Implicit in this argument is a long-held larger assumption: that movies give people “bad ideas” they wouldn’t have had on their own. Or, at the very least, that they provide a template for how to carry out those bad ideas.
Studies will reach their own conclusions, and at a moment of tragedy all causes should be investigated. Some of the reader mail that came in today is understandable, particularly for an older filmgoer who has seen a marked increase in on-screen violence over their lifetime.
But to me there’s always been something a little misplaced about the belief that movies give people bad ideas, and its logical extension that directors should thus refrain from showing particular kinds of scenes in their movies. Most thornily, it's because it only seems to come up with certain kinds of cinematic behavior. You don’t hear many people saying that directors shouldn’t include scenes of, say, an affair in their romantic drama because it could lead to new instances of infidelity. For one thing, many movies about infidelity show the negative consequences of the act (as do a number of gunplay films, incidentally). And anyone who wanted to have an affair probably already had the notion long before they ordered that DVD of “Unfaithful.”
(What’s interesting is that, despite the tragic associations between Yellow Dogs and “Persian Cats,” the Ghobadi movie is actually one of the few films out there that did have a real-world effect — a quantifiable one, no studies or hypotheses needed. The publicity allowed the band members to flee to Istanbul and be welcomed at the U.S. Embassy, and then eventually to the U.S. itself.)

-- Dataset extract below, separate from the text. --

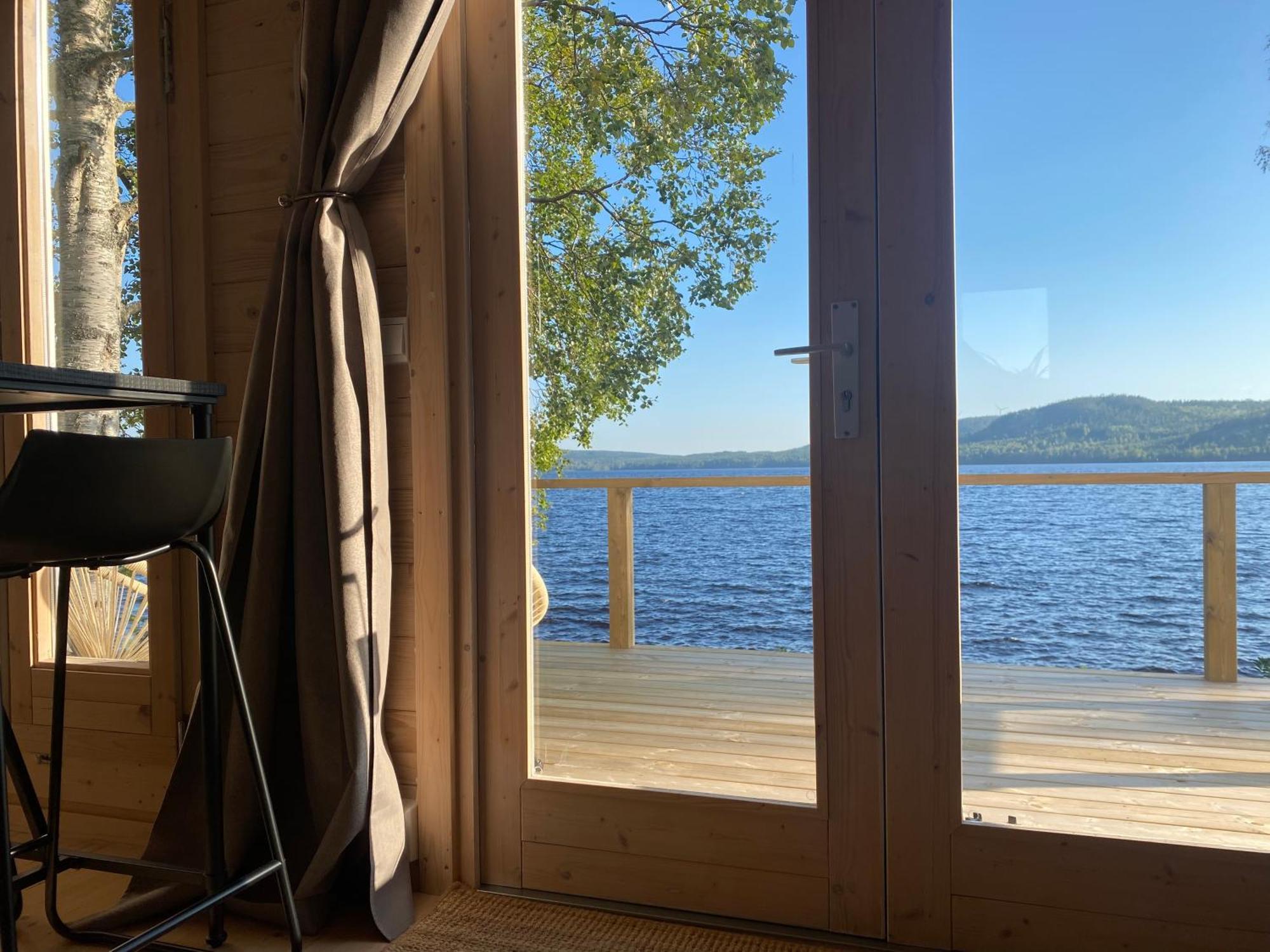 Snibben Hoega Kusten Ramvik Esterno foto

With a rash of high-profile shootings in the last year, the debate over movie violence's role isn't abating any time soon. Larger social factors are always more tempting to point to in a time of tragedy than the particulars of a given case, such as mental health or personal grievances. And there are many parties with added incentive to blame entertainment — not least of all the NRA, which has been banging the movie-violence drum as a distractive technique for a while now.
Psychologists will debate the interplay between movie violence and social behavior. Any right-thinking person — filmmaker and filmgoer — would do well to look at the nature of movie messages; Gus Van Sant said thoughtfully in our Tuesday story that whenever he includes an act of violence in one of his movies, he first weighs how it will land with a susceptible filmgoer.
But it seems, as it often does in these cases, that the idea that movies somehow instill bad ideas in us both overplays the importance of movies and underplays the importance of personal responsibility. Film can be an important social gauge — the barometer and mirror that auteurs like to talk about. Is it subtly brainwashing us or offering scripts for murderous behavior? That's a tougher row to hoe.
David Denby famously wrote before the release of Spike Lee's "Do The Right Thing" that "the movie is going to create an uproar" and that "if some audiences go wild, [Lee] is partly responsible." They didn't. And he wasn't. Rather than influencing or providing road maps, movies seem more often to be depicting behaviors that are already there. Those are terrible and beautiful things, but they’re things that existed long before a film trend began and, beautifully or tragically, will exist long after.